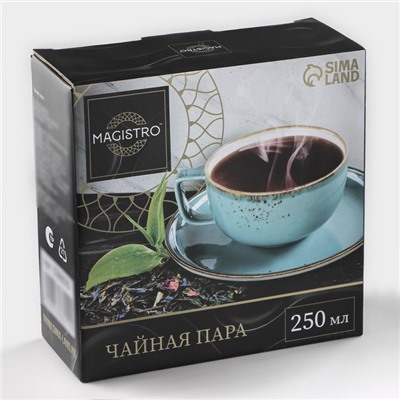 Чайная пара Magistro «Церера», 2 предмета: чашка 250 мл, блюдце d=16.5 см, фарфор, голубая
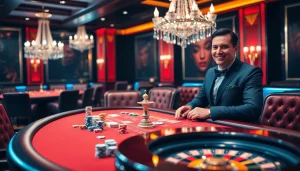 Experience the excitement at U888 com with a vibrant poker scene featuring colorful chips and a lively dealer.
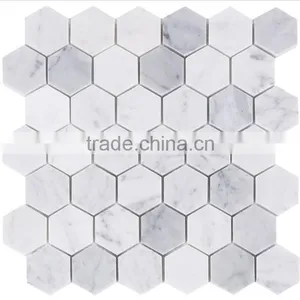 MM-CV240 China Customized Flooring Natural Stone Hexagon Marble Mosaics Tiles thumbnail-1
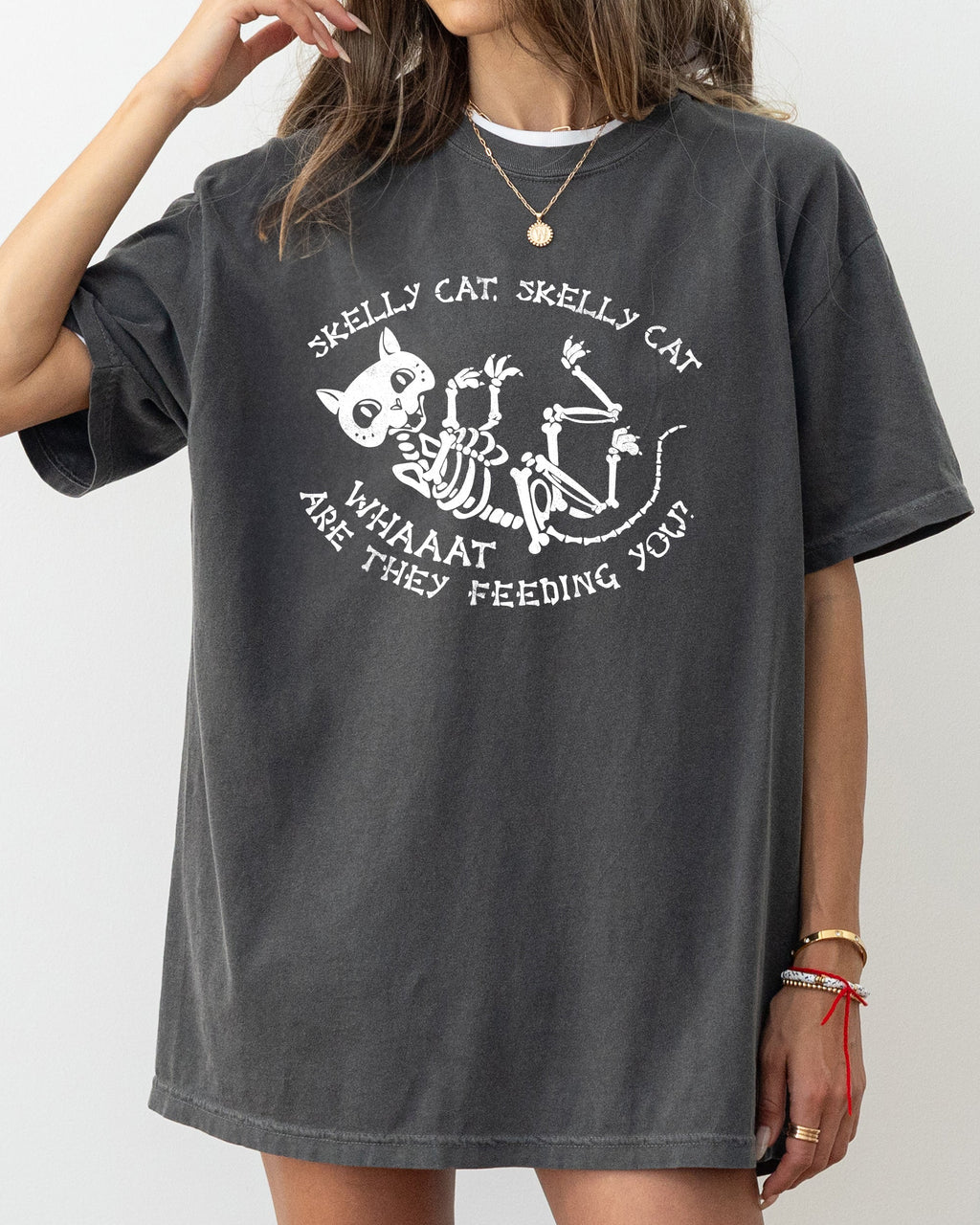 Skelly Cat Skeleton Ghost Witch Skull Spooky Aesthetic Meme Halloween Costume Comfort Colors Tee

[How to complete this task]
Each line from the one containing "MM-CV240 China Customized" through the last line of the data should be written out exactly. Skip the pictures, and add no other lines.

[Exercise solution]
 MM-CV240 China Customized Flooring Natural Stone Hexagon Marble Mosaics Tiles thumbnail-1
 Skelly Cat Skeleton Ghost Witch Skull Spooky Aesthetic Meme Halloween Costume Comfort Colors Tee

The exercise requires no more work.